La mujer políticamente incorrecta

Ya lo decía mi mamá. Ser mujer es mucho más difícil que ser hombre. Pero como siempre fui muy rebelde pero creativa, me dispuse a encontrarle una ventaja a esta diferencia entre el ser hombre y ser mujer. Claro, a veces me digo que mi mamá tenía razón.

Lo duro del tema es que muchas veces el empedrado en el camino no lo colocan solo los hombres que aún no han comprendido la importancia de amar una mujer confiando en ella. Muchas veces las piedras más difíciles nos las ponemos nosotras mismas, señalando con el dedo y juzgando a otra mujer porque no vive como nosotras pensamos que debería vivir.

Alguien que respeta su propio camino pocas veces adhiere completamente a los movimientos sociales. Alguien que respeta su propio camino se diferencia para poder encontrarse a si mismo. Por este motivo, lo políticamente correcto es más bien un mecanismo de control social que de apoyo a las diferencias. Es decir, en un comienzo pueden ser movimientos de diferenciación, pero luego se rigidizan y se convierten en dogmas.

Las personas que se diferencian de los colectivos han sido siempre, y lo son aún, peligrosas e indeseables. No importa cual sea el dogma actual, siempre restringe el libre albedrío en pos de la pertenencia a algo más grande. Esto último es una necesidad instintiva del ser humano. En la antigüedad, y en la actualidad, el ostracismo era el peor castigo que se podía hacer.

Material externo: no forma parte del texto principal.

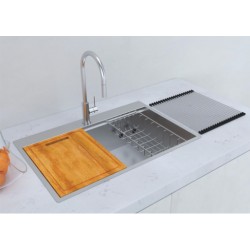 CHẬU RỬA BÁT HAFELE HS24-SSN1S-7650 567.20.627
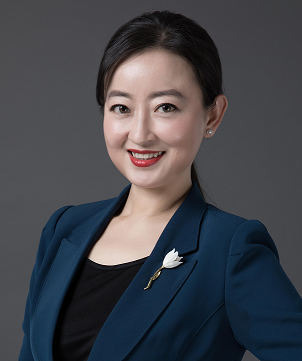 路曈-企業培訓師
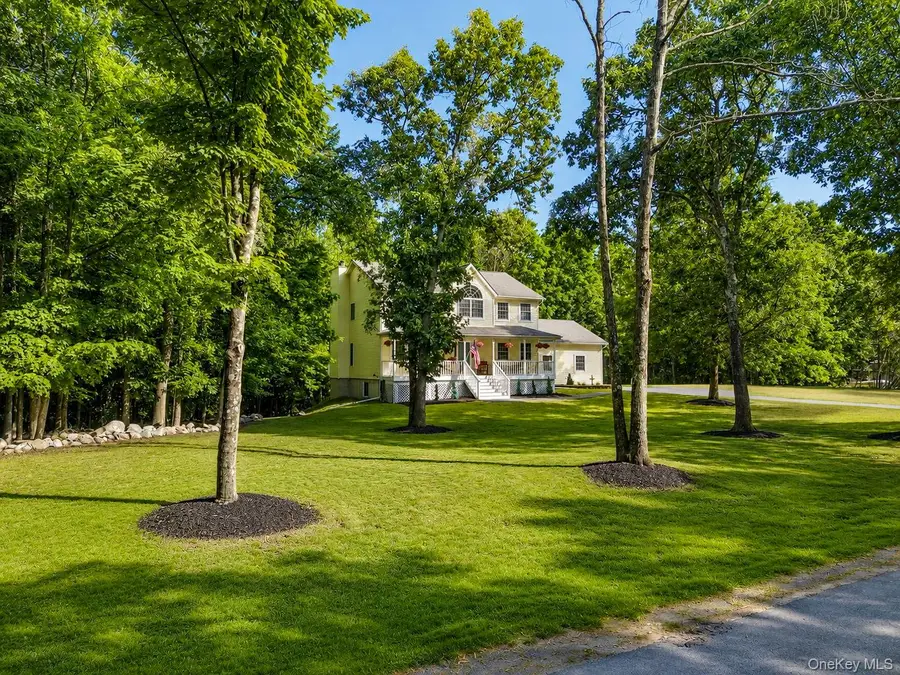 55 Fairway Drive, Johnson, NY 10933 - #2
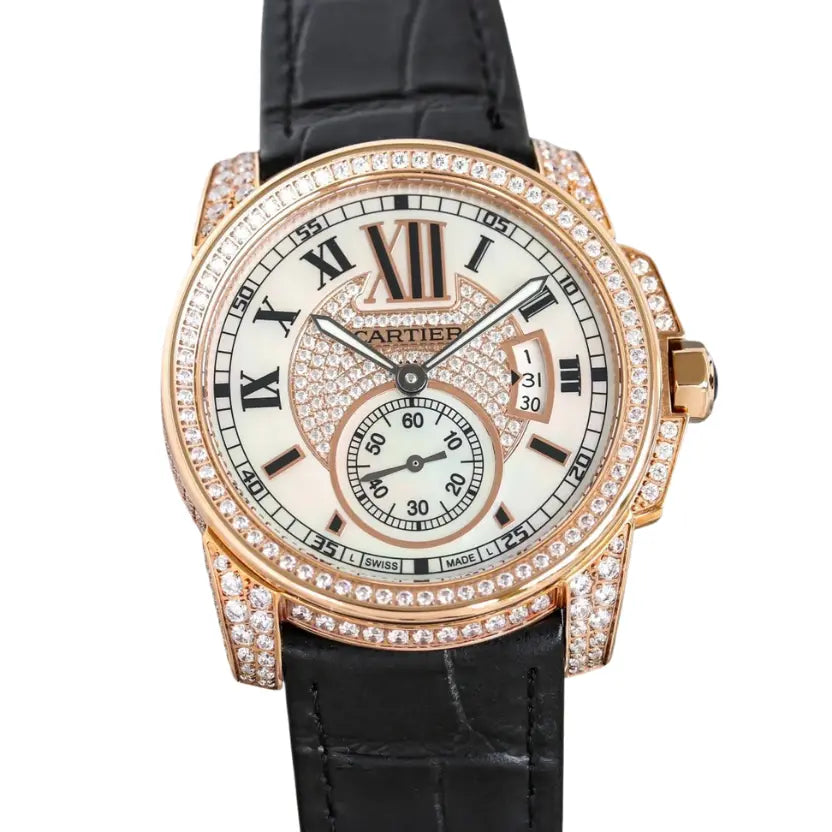 Cartier Calibre de Cartier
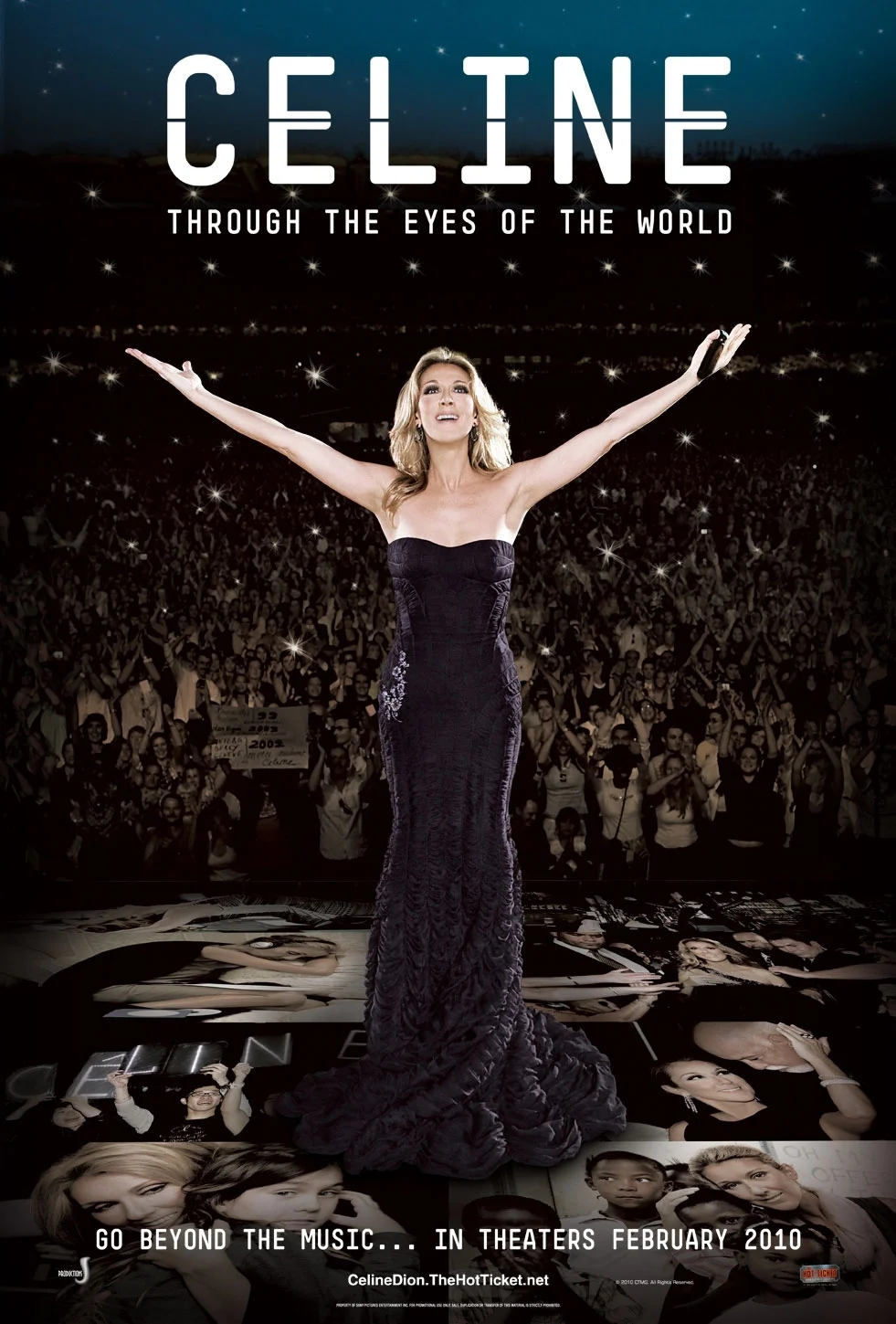 图片[3]-席琳迪翁 美国CBS电视特辑 Celine Dion – That’s Just the Woman in Me 2007《WEB-DL MKV 5.18GB》-蓝光演唱会资源网
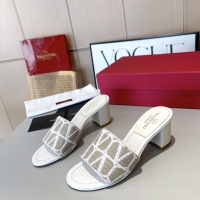 $96.00 USD Valentino Slippers For Women #1174503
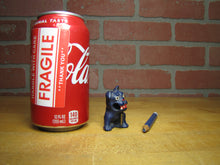 Load image into Gallery viewer, 1933 CHICAGO WF CENTURY PROGRESS Cast Iron Puppy Dog Pencil Holder Paperweight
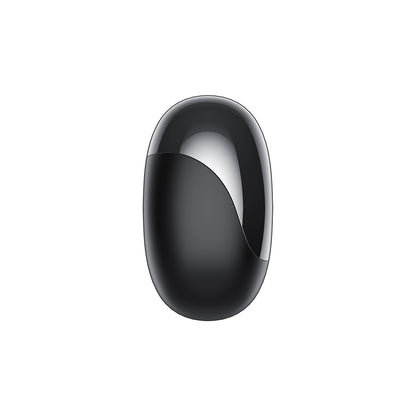 Wiwu T32 Plus ANC/ENC Teknolojili Kulak İçi Bluetooth Kulaklık v5.4 Siyah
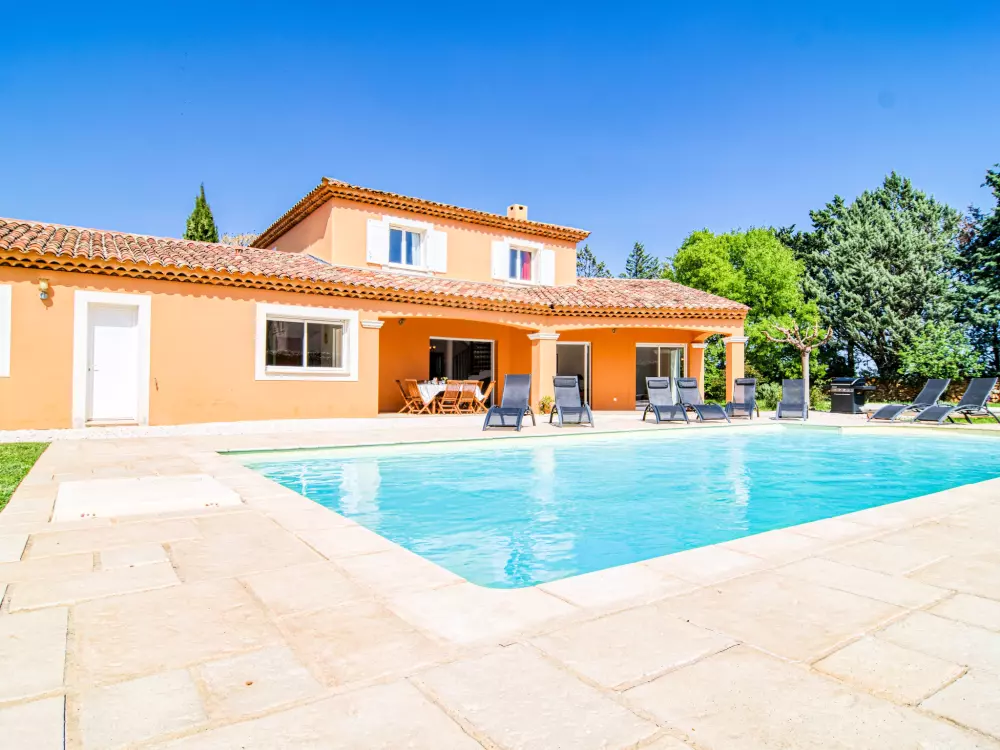 Maison de Vacances Montfort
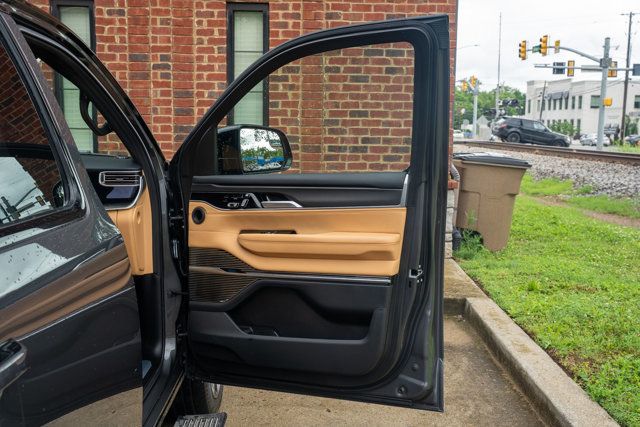 2025 Jeep Grand Wagoneer Local Trade/Heated&Cooled MassagingSeats/Night Vision Pkg/LOADED - 23028069 - 47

Entonces lo que estoy viendo es que muchas mujeres deben ocultar que disfrutan cuidando de su casa. La casa se ha vuelto un campo de batalla donde se observa la pelea de poder entre hombres y mujeres. Es cierto, la casa aún recae mucho más en la mujer que en el varón, pero insólitamente hoy es tal el desequilibrio que las mujeres que disfrutan de ese rol se tienen que ocultar.

También muchas mujeres aman a sus maridos y tienen fantásticos hijos varones a quienes han criado con todo el esmero que han podido y estas mujeres detestan que el varón sea señalado con el dedo como culpable universal por algunas mujeres, tanto como detesta que cuelgue sobre sus cabezas la espada de la guerra, donde los hijos son carne de cañón.

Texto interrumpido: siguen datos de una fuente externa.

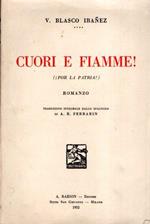 Cuori E Fiamme! (Por La Patria!)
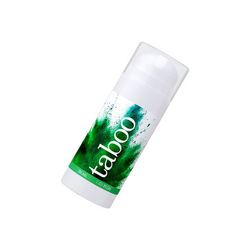 Taboo - Male Delay Gel, 30 ml
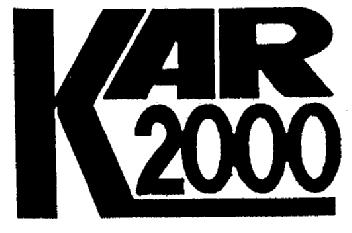 Imagen de KAR 2000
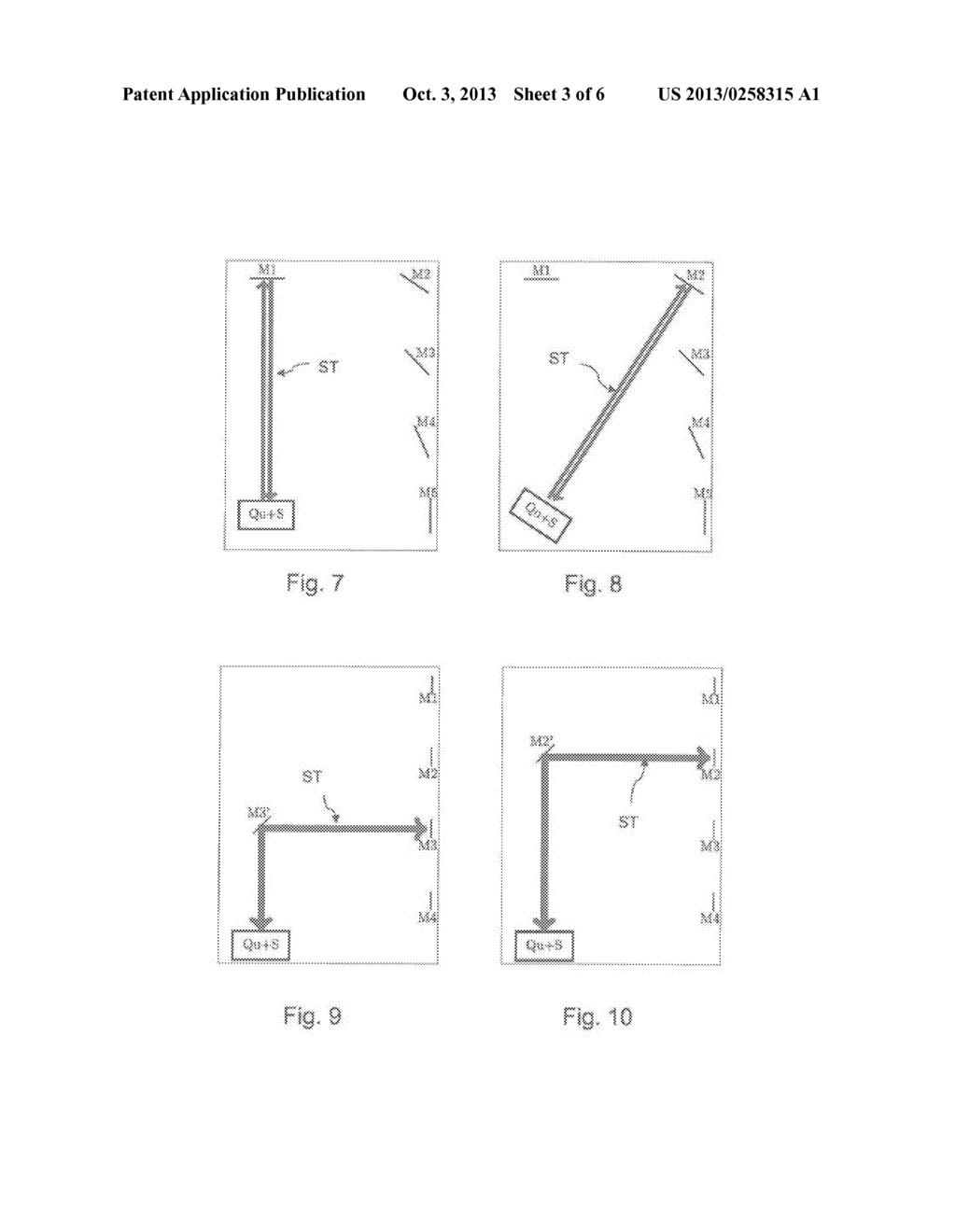 Device for Determination of Gas Concentration - diagram, schematic, and image 04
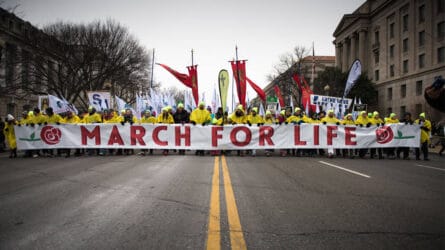 March for Life 2020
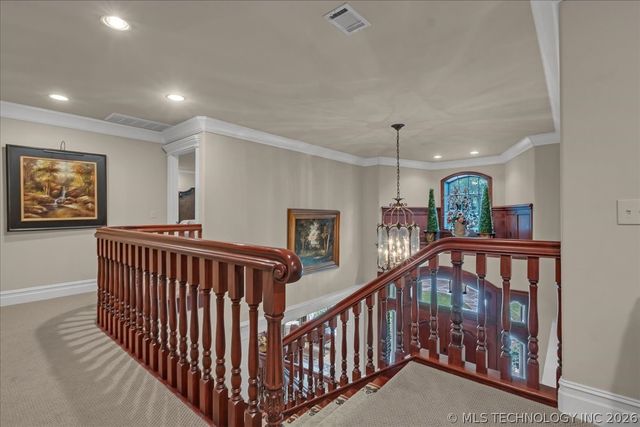 11428 S Sandusky Avenue, Tulsa, OK 74137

La mujer políticamente incorrecta no se viste de negro para representar ningún colectivo, sino porque disimula mejor sus curvas entradas en años, y encuentra aún que ponerse bella refleja algo de su interior.

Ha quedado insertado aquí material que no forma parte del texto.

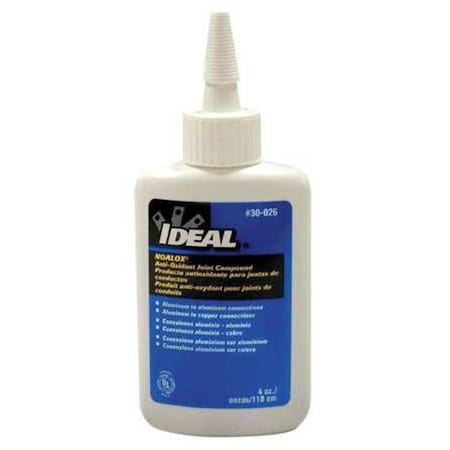 Ideal Anti-Oxidant, 4 oz Squeeze Bottle 30-026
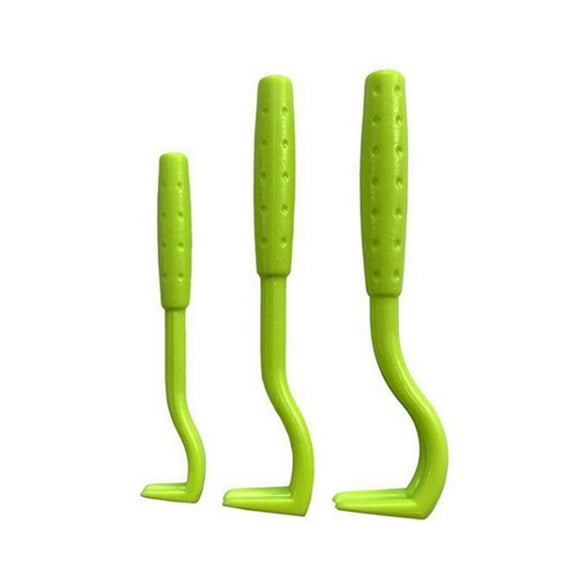 Peggybuy Pet Mites Flea Extractor Puller Insect Clip Cat Dog Cleaning Grooming Combs Hook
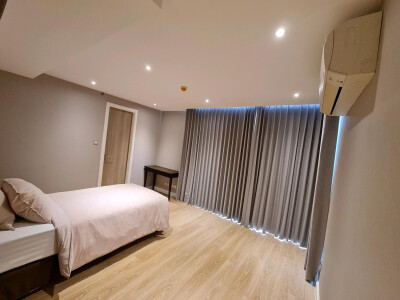 เอช คอนโด สุขุมวิท 43 / H condo sukhumvit 43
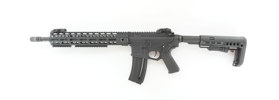 Hämmerli, Mod. Tac R1 22, .22lr., #HA001179, §B (1766-22)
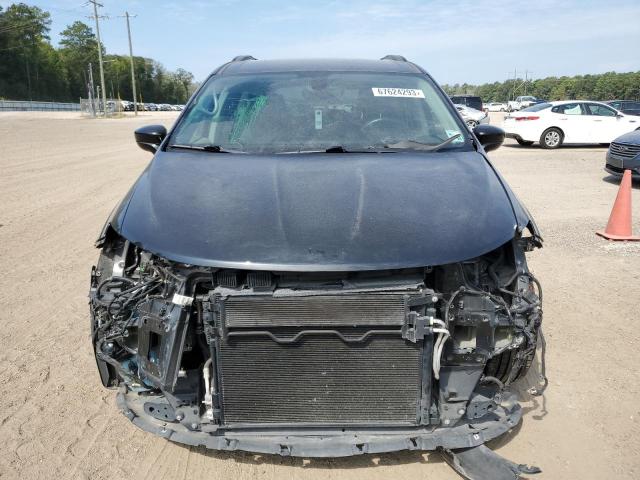 2C4RC1BG2HR524816 2017 CHRYSLER PACIFICA, photo no. 5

La mujer políticamente incorrecta sabe callar como siempre lo ha tenido que hacer la mujer, ya que la mujer políticamente correcta grita más fuerte y está disponible a enfrentar, respaldada por un colectivo que envalentona y da fuerzas que a solas no se tienen.

La mujer políticamente incorrecta está sola, como siempre lo ha estado la mujer, incluso las políticamente correctas, ya que luego hay que volver a casa a lidiar con las cosas de siempre, con la vida, donde está la verdadera batalla y donde podemos hacer los verdaderos cambios. Encontrar un luegar diferenciado del varón es la única respuesta de verdadero cambio social. El problema es que da mucho más trabajo que señalar culpables.